Exercise data:
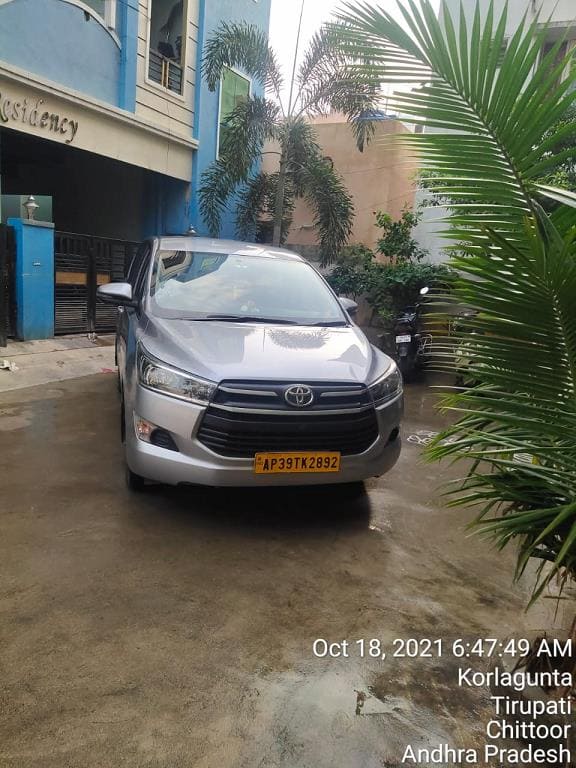 tirupati cabs in akkarampalle in tirupati - Photo No.5
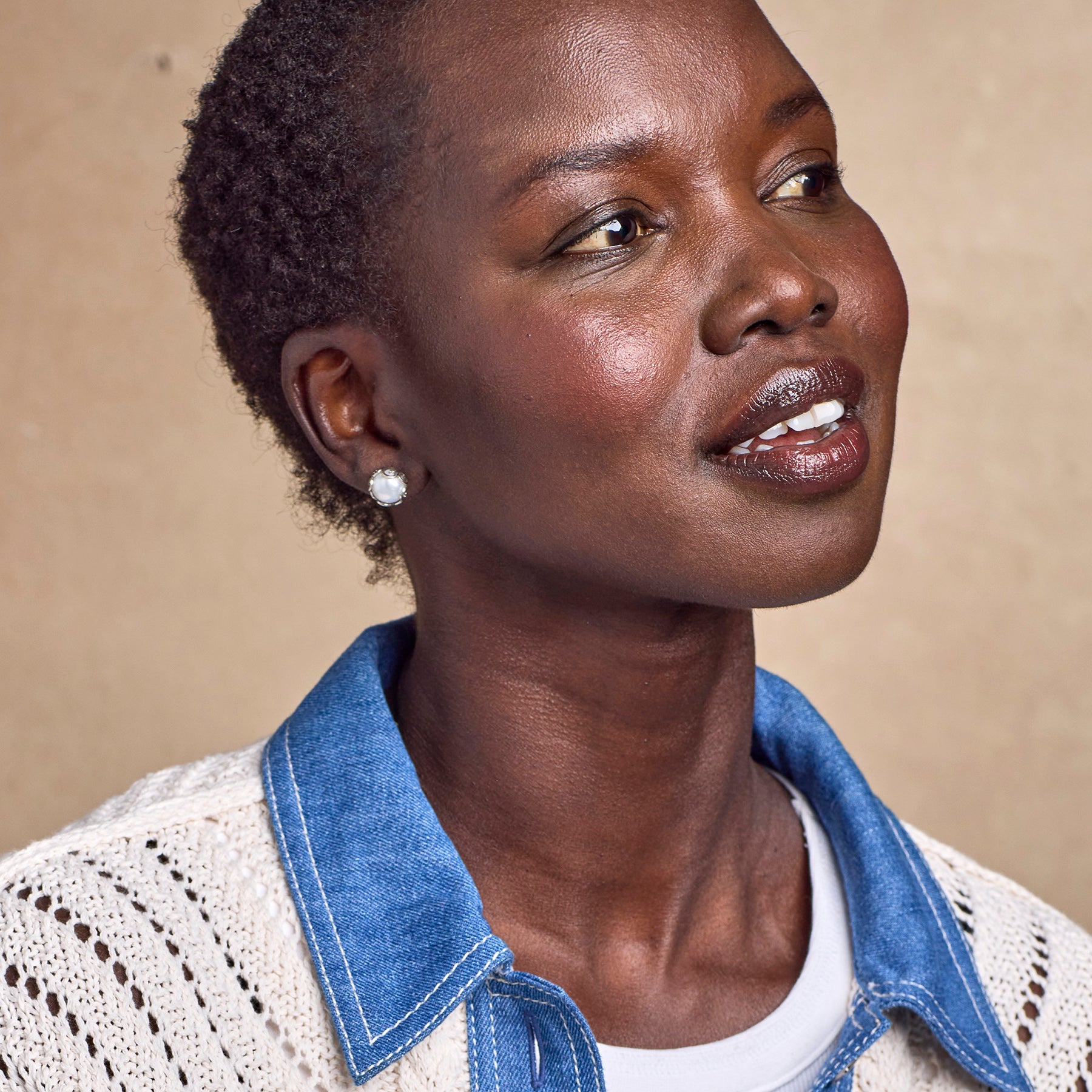 Pearl Diadem Earrings - Sundance Living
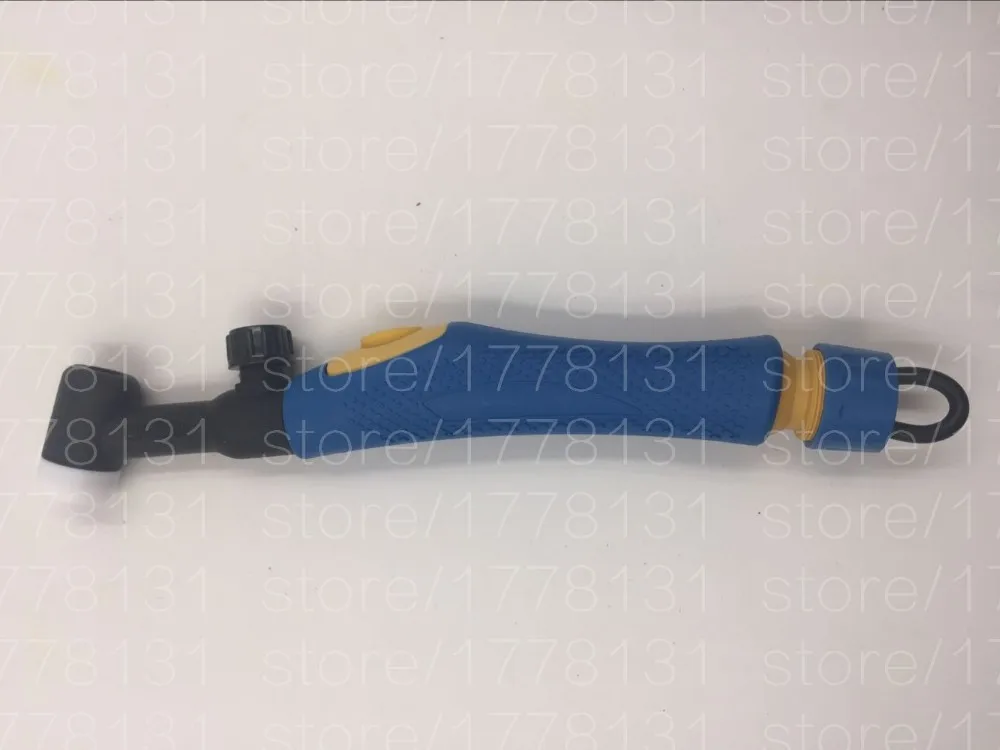 WP-17FV SR-17FV TIG Welding Torch Body Flexible and Gas Valve Control Torch Head Euro style
WP-17FV SR-17FV TIG Welding Torch Body Flexible and Gas Valve Control Torch Head Euro style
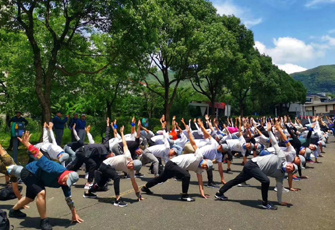 安特威2020夏日主題團建-有你有我更精彩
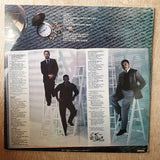 GQ ‎– Face To Face  – Vinyl LP Record - Opened  - Very-Good  Quality (VG) - C-Plan Audio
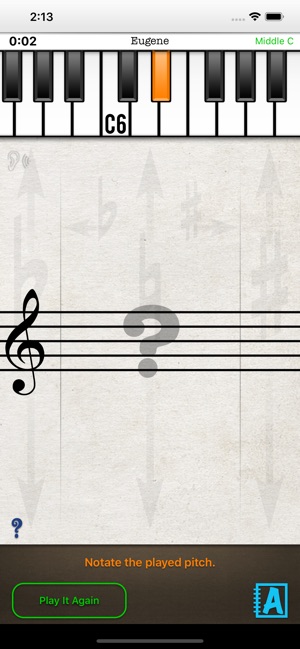 Music Theory Notes - iPhone(圖4)-速報App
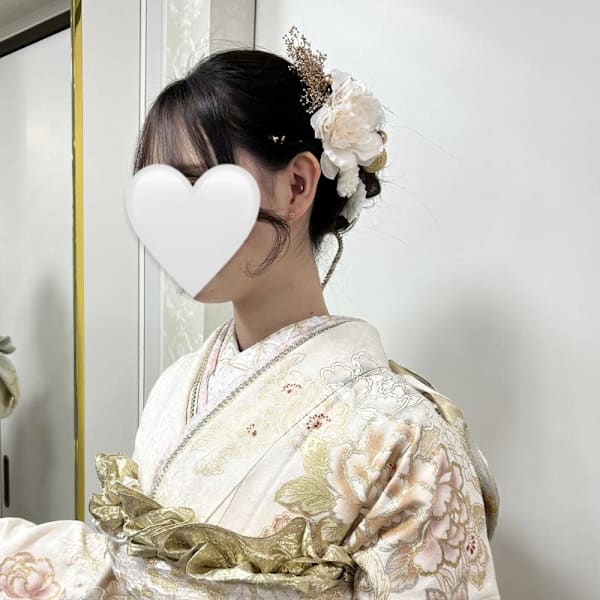 成人式前撮りset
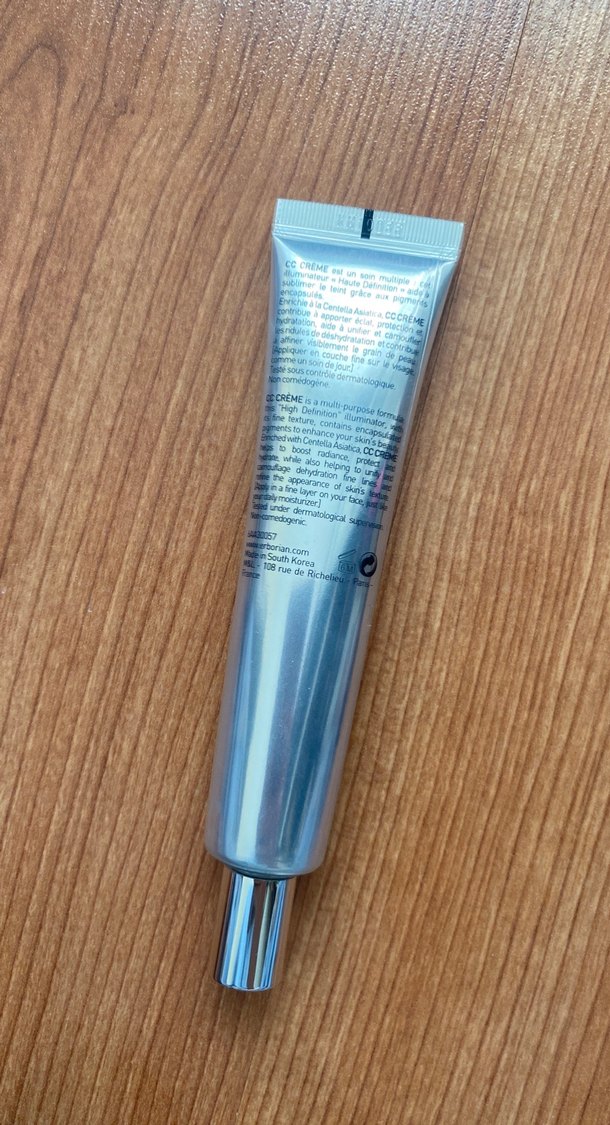 Erborian CC Krem - Görsel 2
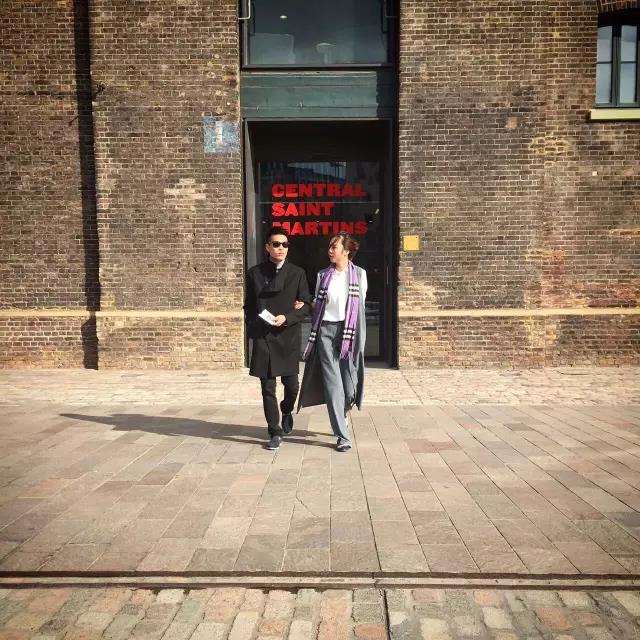 莱佛士设计学院带您玩转伦敦：Central Saint Martins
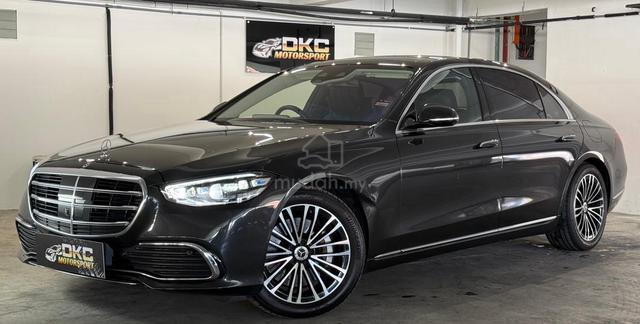 2022 Mercedes Benz S 580e 3.0 - 3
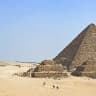 Pyramids of Giza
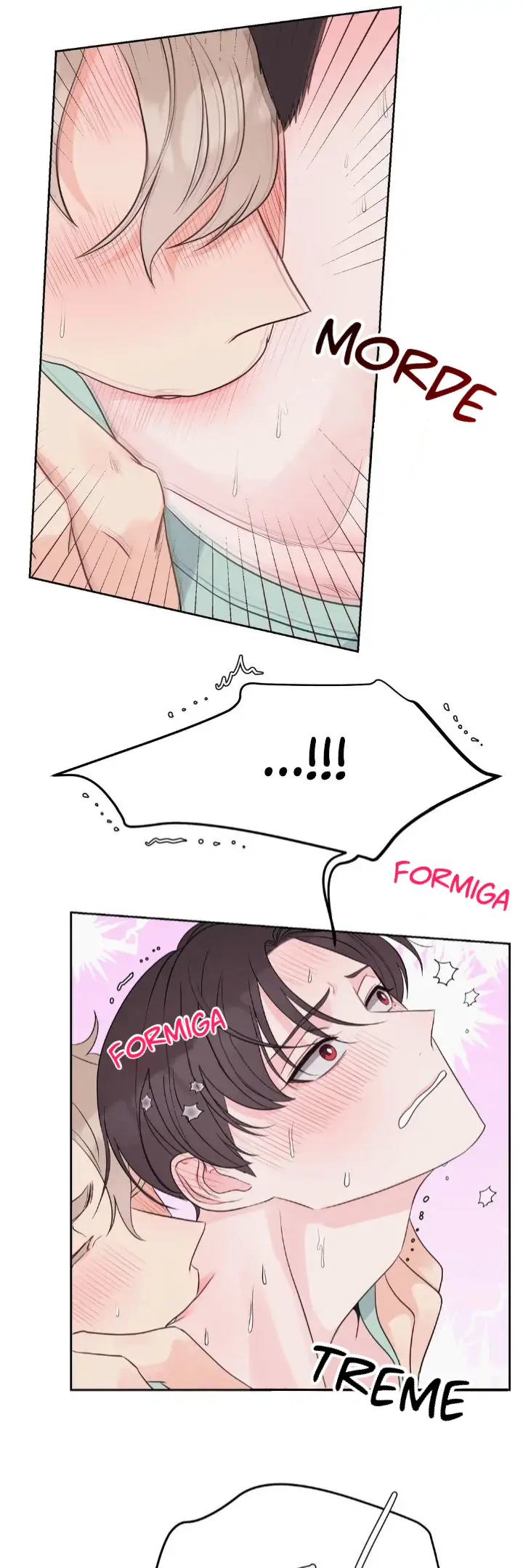 Last Dot – Capítulo 20 Yaoi – Página 44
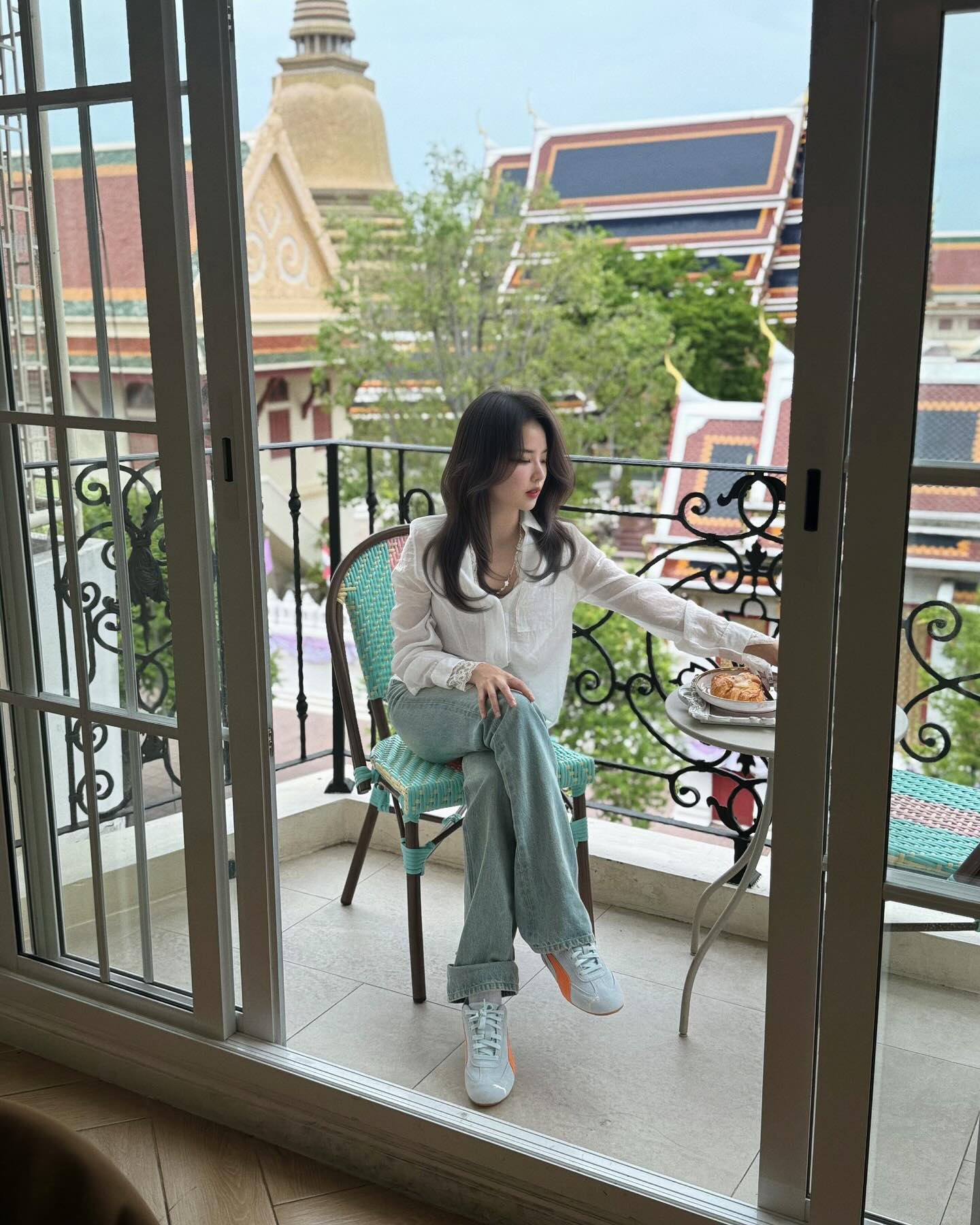 ฝน - ศนันธฉัตร ธนพัฒน์พิศาล
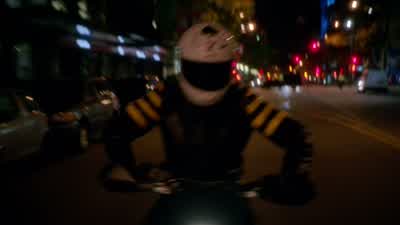 Check... Got the keys. Mate. - The Flash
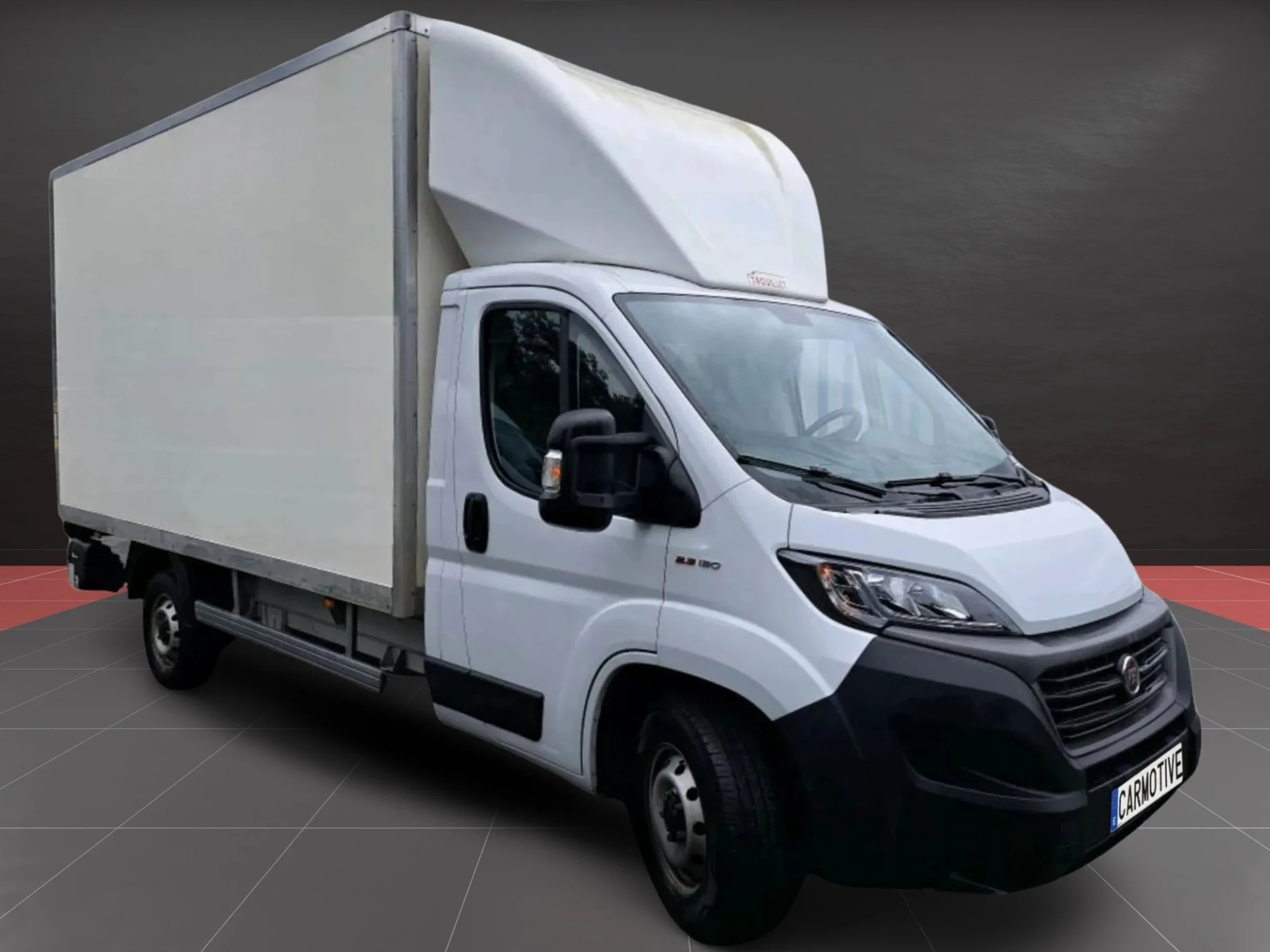 Fiat Ducato Carrozado L4H3 Trampilla Dhollandia | Desde 507€/mes - Foto 3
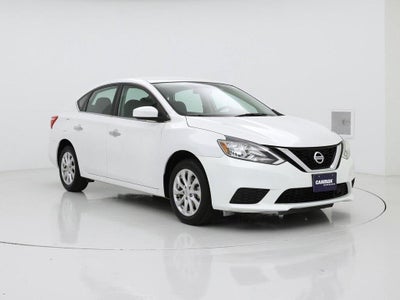 2019 Nissan Sentra SV 4DR Sedan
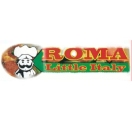 Roma Little Italy Menu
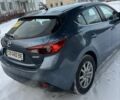 Синий Мазда 3, объемом двигателя 1.5 л и пробегом 172 тыс. км за 9900 $, фото 2 на Automoto.ua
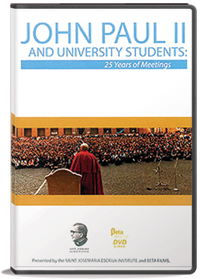 John Paul II and University Students: 25 Years of Meetings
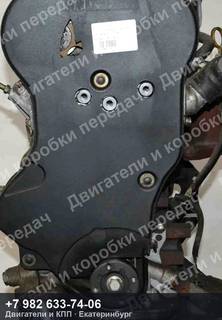 Контрактный двигатель Opel ASTRA G/VECTRA B/ZAFIRA A — фото 2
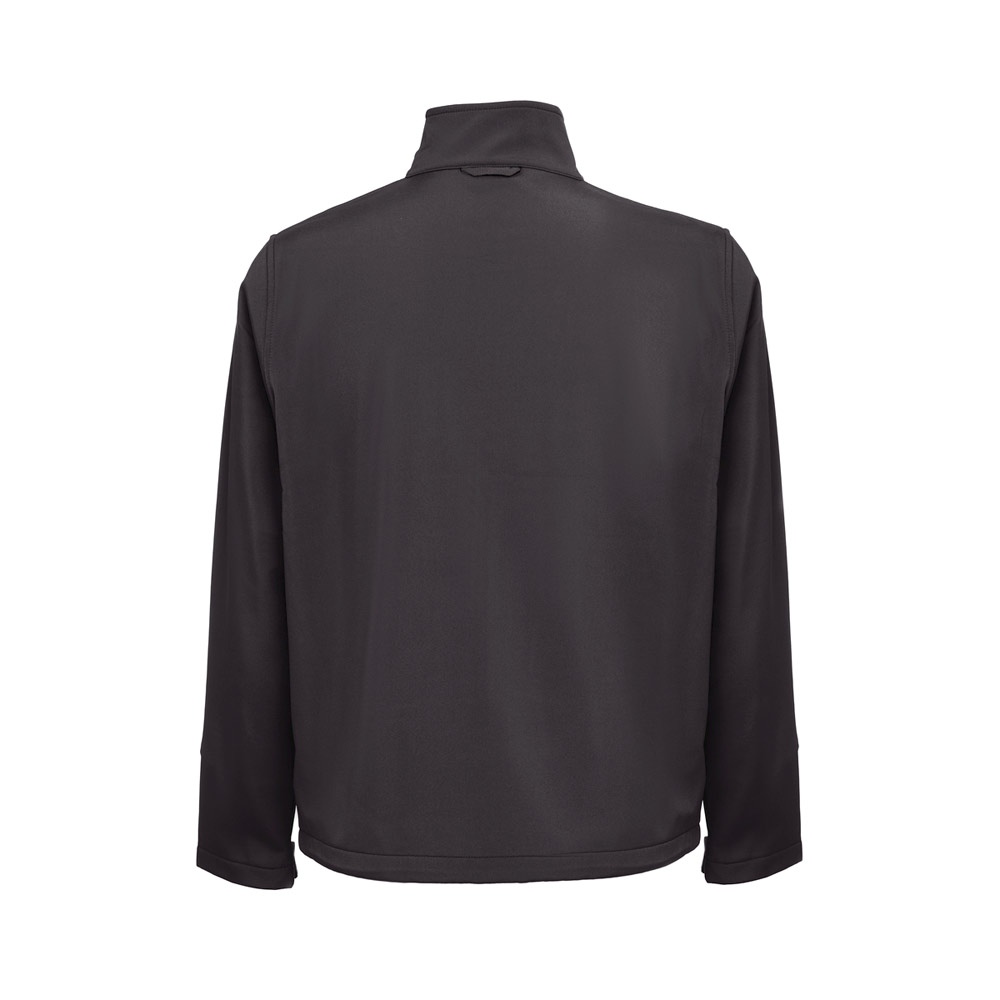 THC EANES. Veste softshell (unisexe) en polyester et élasthanne 8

Task statement: Omit the pictures and write out the lines above from the one with "Erborian CC Krem - Görsel 2" through the last, unchanged.

Answer section:
 Erborian CC Krem - Görsel 2
 莱佛士设计学院带您玩转伦敦：Central Saint Martins
 2022 Mercedes Benz S 580e 3.0 - 3
 Pyramids of Giza
 Last Dot – Capítulo 20 Yaoi – Página 44
 ฝน - ศนันธฉัตร ธนพัฒน์พิศาล
 Check... Got the keys. Mate. - The Flash
 Fiat Ducato Carrozado L4H3 Trampilla Dhollandia | Desde 507€/mes - Foto 3
 2019 Nissan Sentra SV 4DR Sedan
 Roma Little Italy Menu
 Синий Мазда 3, объемом двигателя 1.5 л и пробегом 172 тыс. км за 9900 $, фото 2 на Automoto.ua
 John Paul II and University Students: 25 Years of Meetings
 Контрактный двигатель Opel ASTRA G/VECTRA B/ZAFIRA A — фото 2
 THC EANES. Veste softshell (unisexe) en polyester et élasthanne 8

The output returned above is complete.